SFI is a registered investment adviser and subsidiary of SIA.
SIA or SFI serves as investment adviser on behalf of its clients. SIA and SFI have entered into investment management agreements with each of its clients pursuant to which SIA or SFI has full discretionary authority to direct the investments of its client in accordance with the investment objectives and restrictions of the client. The investment management agreements also provide that SIA or SFI has assumed the responsibility to vote on behalf of its clients all shares held by its clients in accounts managed by SIA or SFI.
Roger J. Sit is chairman and CEO of SIA and SFI.
Ronald D. Sit is a director of SIA.
Raymond E. Sit is a vice president of SIA and director
By virtue of these positions, each of SIA, SFI, Roger J. Sit, Ronald D. Sit, and Raymond E. Sit may be deemed to beneficially own the Shares held in SIA and SFI client accounts. SIA, SFI, Roger J. Sit, Ronald D. Sit, and Raymond E. Sit together are the "Sit Entities." |
| (d) | During the last five years, Roger J. Sit, Ronald D. Sit, and Raymond E. Sit have not been convicted in a criminal proceeding (excluding traffic violations or similar misdemeanors). |
| (e) | During the last five years, none of the Sit Entities have been a party to a civil proceeding of a judicial or administrative body of competent jurisdiction and as a result of such proceeding was or is subject to a judgment, decree, or final order enjoining future violations of, or prohibiting or mandating activities subject to, federal or state securities laws or finding any violation with respect to such laws. |
| (f) | Roger J. Sit, Ronald D. Sit, and Raymond E. Sit are United States citizens. |
| Item 3. | Source and Amount of Funds or Other Consideration |
The Sit Entities acquired the Issuer's Shares in open market transactions with client funds held in custody accounts managed by SIA and SFI. | |
| Item 4. | Purpose of Transaction |
The Sit Entities have acquired the Issuer's Shares for investment purposes, and such purchases have been made in the ordinary course of business.
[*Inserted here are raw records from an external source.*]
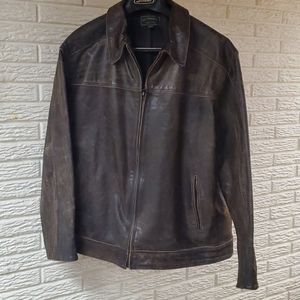 Filson Dark Brown Leather Jacket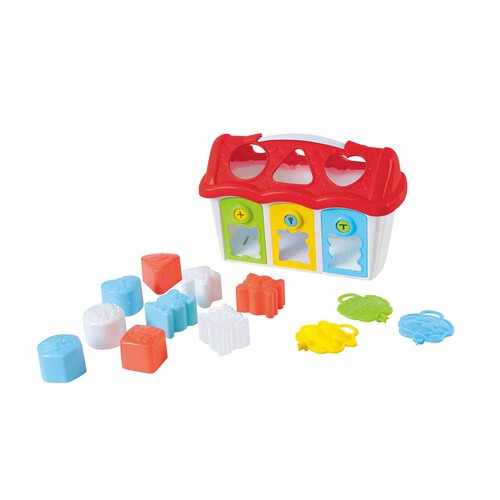 Casita con bloques para encajar ONE TWO FUN ALCAMPO.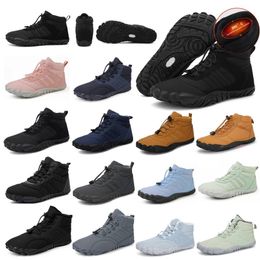 Winter Booties for Men Women Snow BareFoot Casual Shoes Outdoor Work Shoes or Trekking Climbing Working High Ankle Snow Boo 240420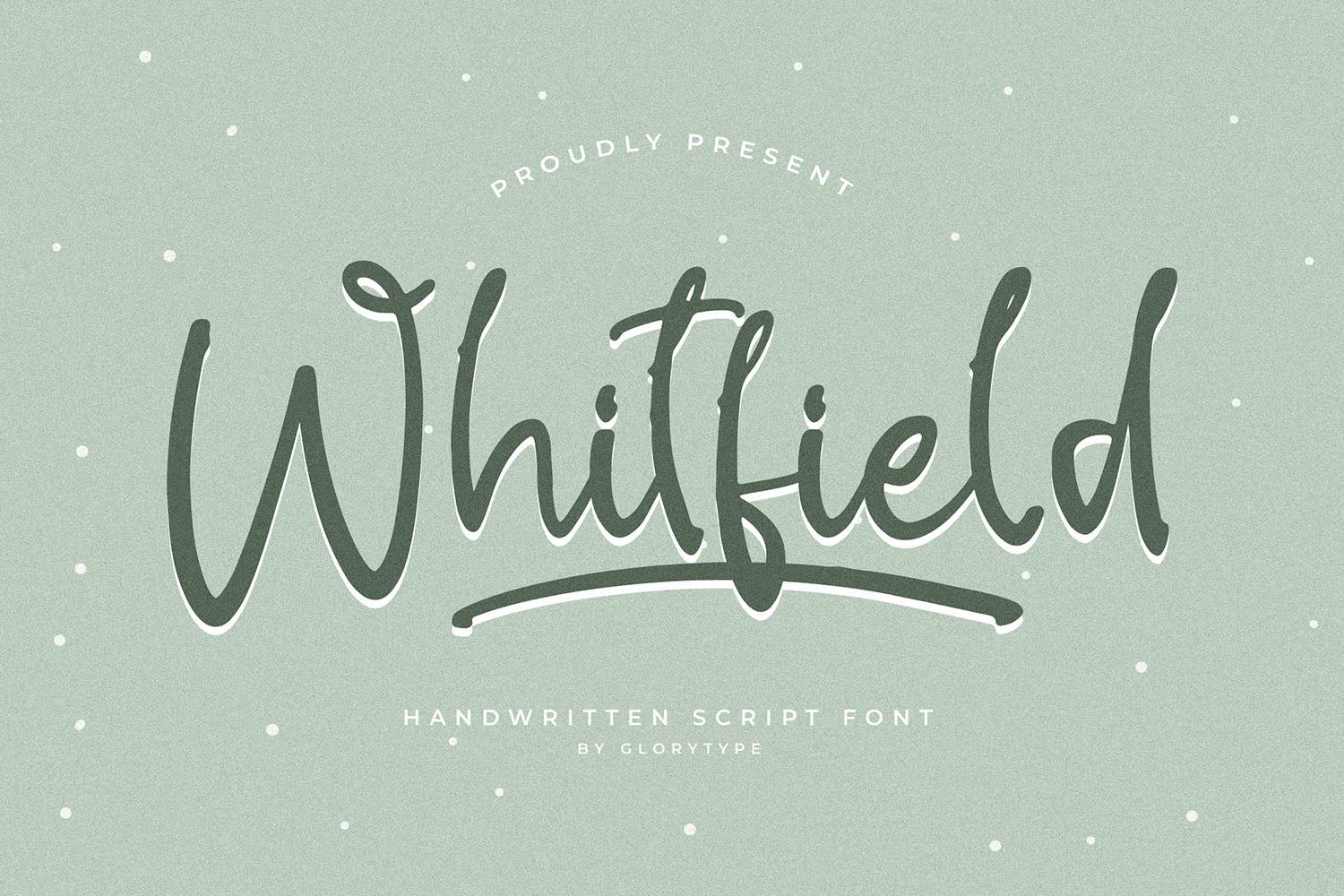 Whitfield Font sample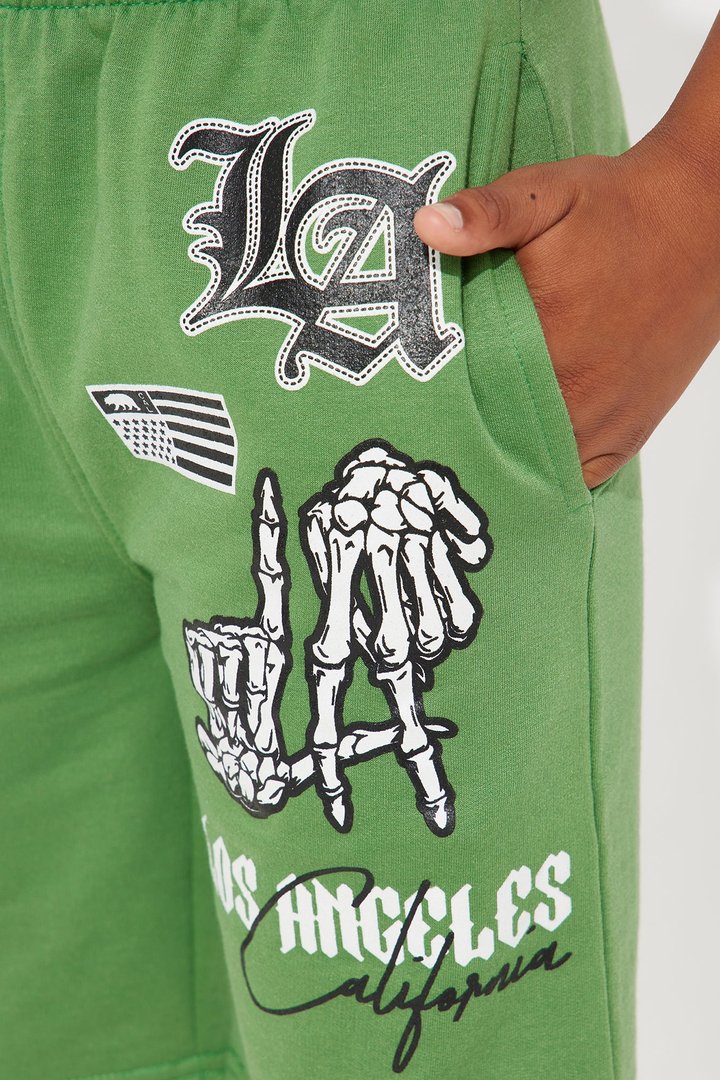 Mini LA Fleece Shorts - Olive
The Issuer's Shares have been acquired on behalf of SIA's and SFI's clients.
In pursuing such investment purposes, the Sit Entities purchased the Shares based on the Sit Entities' belief that the Shares represented an attractive investment opportunity, and the Sit Entities may further purchase, hold, vote, trade, sell or otherwise deal in the Shares at the time, and in such manner, as they deem advisable to benefit from, among many things, changes in market prices of such Shares, the market prices of such Shares relative to the value of the Issuer's assets, changes in the Issuer's investment strategy, and composition of the Issuer's portfolio.
None of Sit Entities have any present plan or proposal which would relate to or result in any of the matters set forth in subparagraphs (a) - (j) of Item 4 of Schedule 13D except as set forth herein or such as would occur upon or in connection with completion of, or following, any of the actions discussed herein.
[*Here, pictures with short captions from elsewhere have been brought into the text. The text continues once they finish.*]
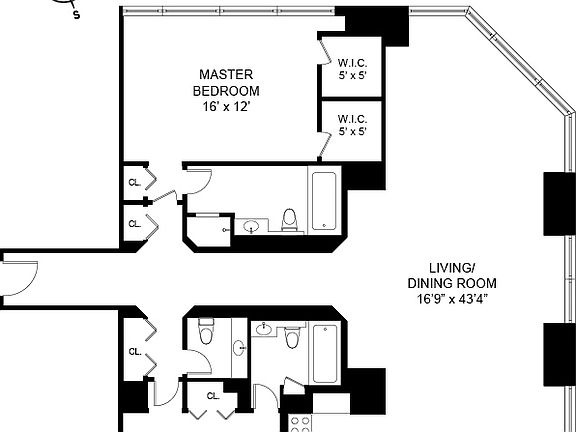 2nd image of 150-156 W 56th St APT 6301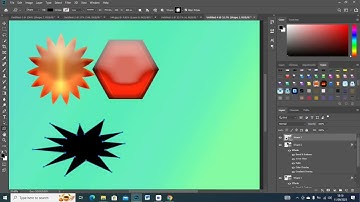 How to shapes and gradients in Adobe Photoshop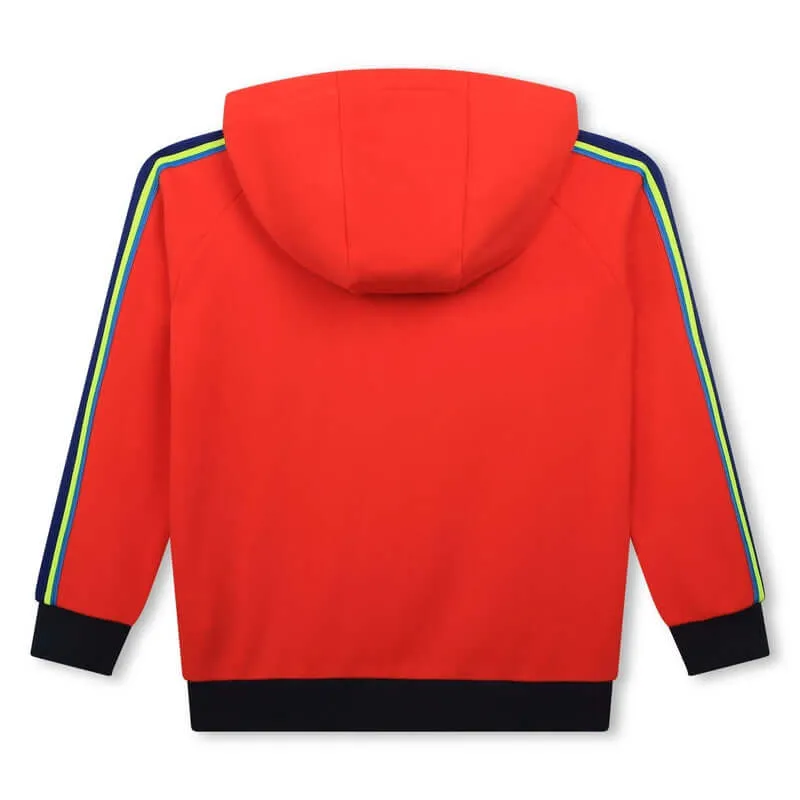 Jungen Rote Kapuzenpullover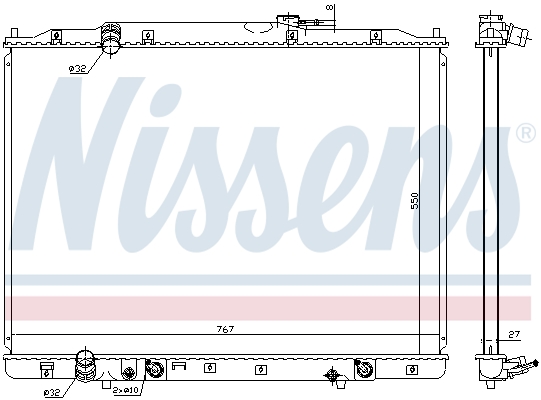 NISSENS 68151 Radiatore, Raffreddamento motore-Radiatore, Raffreddamento motore-Ricambi Euro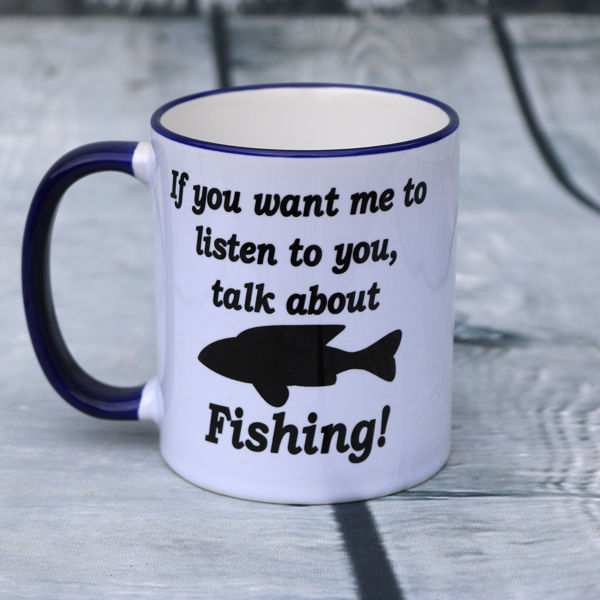 Picture of I might look like I'm listening to you but in my head I'm Fishing- CERAMIC MUG
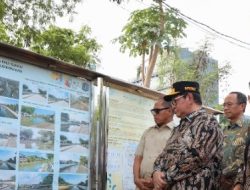 Gubernur DKI Tinjau Pembangunan Sarpras Kali Grogol Segmen Kemanggisan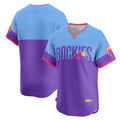 Colorado Rockies Purple-Light Blue JEROMEN 2025 City Connect Limited Jersey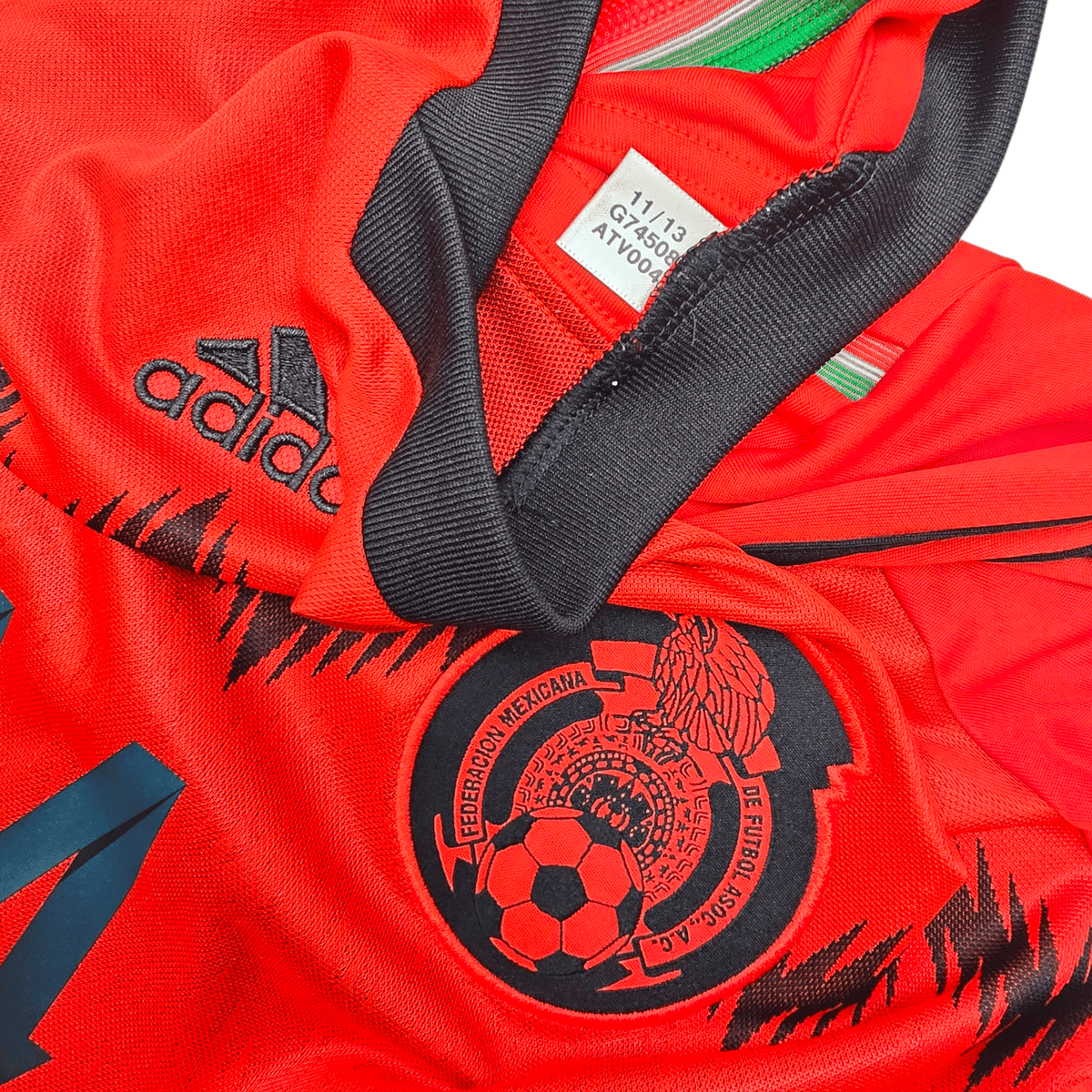 2014/15 Mexico Away Football Shirt (S) Adidas 14 Chicharito - Football Finery - FF305770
The Sit Entities intend to review their investment in the Issuer's Shares on a continuing basis and may also propose or take one or more of the actions described in subsections (a) through (j) of Item 4 of Schedule 13D, including engaging in discussions with management, the Board of Trustees and shareholders concerning, among other things, proposals of the Board of Trustees seeking approval of a reorganization, the Issuer's performance, the market prices of the Issuer's Shares relative to the value of the Issuer's assets, the Issuer's distribution rate, the Issuer's capitalization, the Issuer's investment strategy, and the Issuer's portfolio holdings. The Sit Entities may make binding and non-binding shareholder proposals or may nominate one or more individuals as nominees for election to the Board of Trustees.
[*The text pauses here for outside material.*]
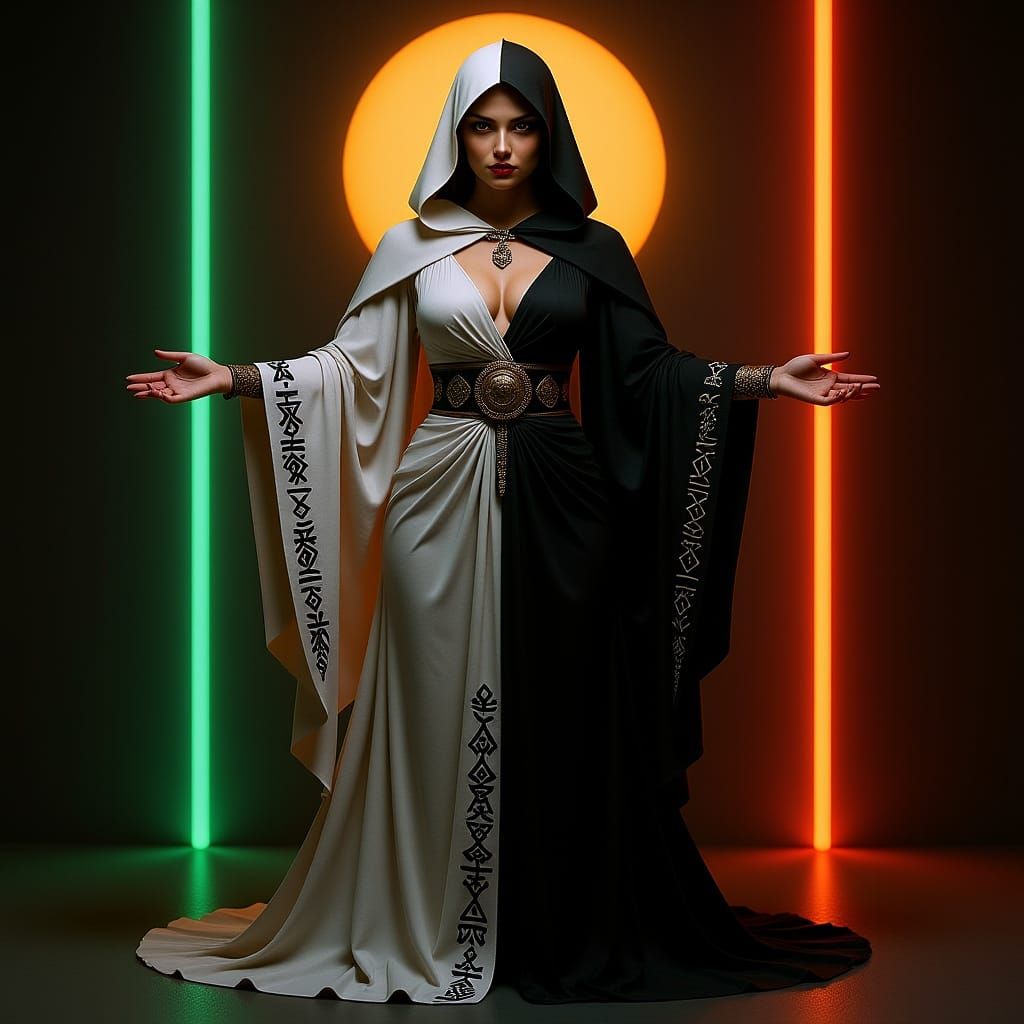 Hyperrealistic Digital Art with Neon Lighting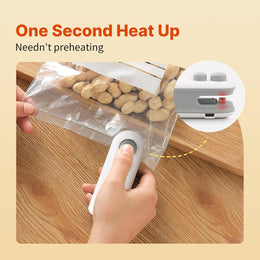 Food preservation sealer with compact design for vacuum sealing fresh produce, meat, seafood, snacks, and meal prep items. Ideal for modern kitchens at Glinzay Official.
On December 11, 2025 the Board of Trustees of the Issuer and MFS Charter Income Trust ("MCR"), MFS Government Markets Income Trust ("MGF") and MFS Intermediate Income Trust ("MIN") and collectively with Issuer, MCR, MGF, and MIN the "Target Funds," and each, a "Target Fund") approved a plan of reorganization between the Target Fund and MFS Multimarket Income Trust (the "Acquiring Fund"), pursuant to which if approved by shareholders the Target Fund would transfer substantially all of its assets to the Acquiring Fund, and the Acquiring Fund would assume all stated liabilities of the Target Fund, in exchange solely for newly issued shares of beneficial interest in the Acquiring Fund, which would be distributed by the Target Fund to the shareholders of the Target Fund in the form of a liquidating distribution, and the Target Fund would be liquidated, terminated and dissolved (the "Reorganization").
On February 24, 2026 the Sit Entities sent a letter to the Board of Trustees stating the Sit Entities' opposition to the proposed Reorganization, a copy of which is attached as Exhibit C and is incorporated by reference herein. | |
| Item 5. | Interest in Securities of the Issuer |
| (a) | See responses on each cover page of this Schedule 13D for the aggregate number of Shares and percentages of the Shares beneficially owned by each of the Reporting Persons. The aggregate percentage of Shares reported owned by Sit Entities herein is based upon 17,901,986 Shares outstanding as of November 30, 2025, which is the total number of Shares outstanding as reported in the Issuer's Form N-CSR. |
| (b) | See responses on each cover page of this Schedule 13D for the number of Shares as to which each Reporting Person has the sole or shared power to vote or direct the vote and sole of shared power to dispose or to direct the disposition. Each of the Sit Entities may be deemed to have shared power to vote and dispose of such Shares. However, none of SIA's or SFI's client accounts own more than 5% of the shares outstanding, and none of SIA's or SFI's directors or executive officers own shares directly. |
| (c) | Transactions in Shares effected during the past 60 days by the Sit Entities are set forth in Exhibit A. |
| (d) | The clients of SIA and SFI have the right to participate in the receipt of dividends from, or proceeds from the sales of, the Shares held for their respective accounts. |
| (e) | Not applicable |
| Item 6. | Contracts, Arrangements, Understandings or Relationships With Respect to Securities of the Issuer |
Not applicable. | |
| Item 7. | Material to be Filed as Exhibits. |
Exhibit A: Schedule of Transactions in Shares by Sit Entities during the past 60 days
Exhibit B: Joint Filing Agreement
Exhibit C: Correspondence to Issuer |
| SIGNATURE | |
After reasonable inquiry and to the best of my knowledge and belief, I certify that the information set forth in this statement is true, complete and correct.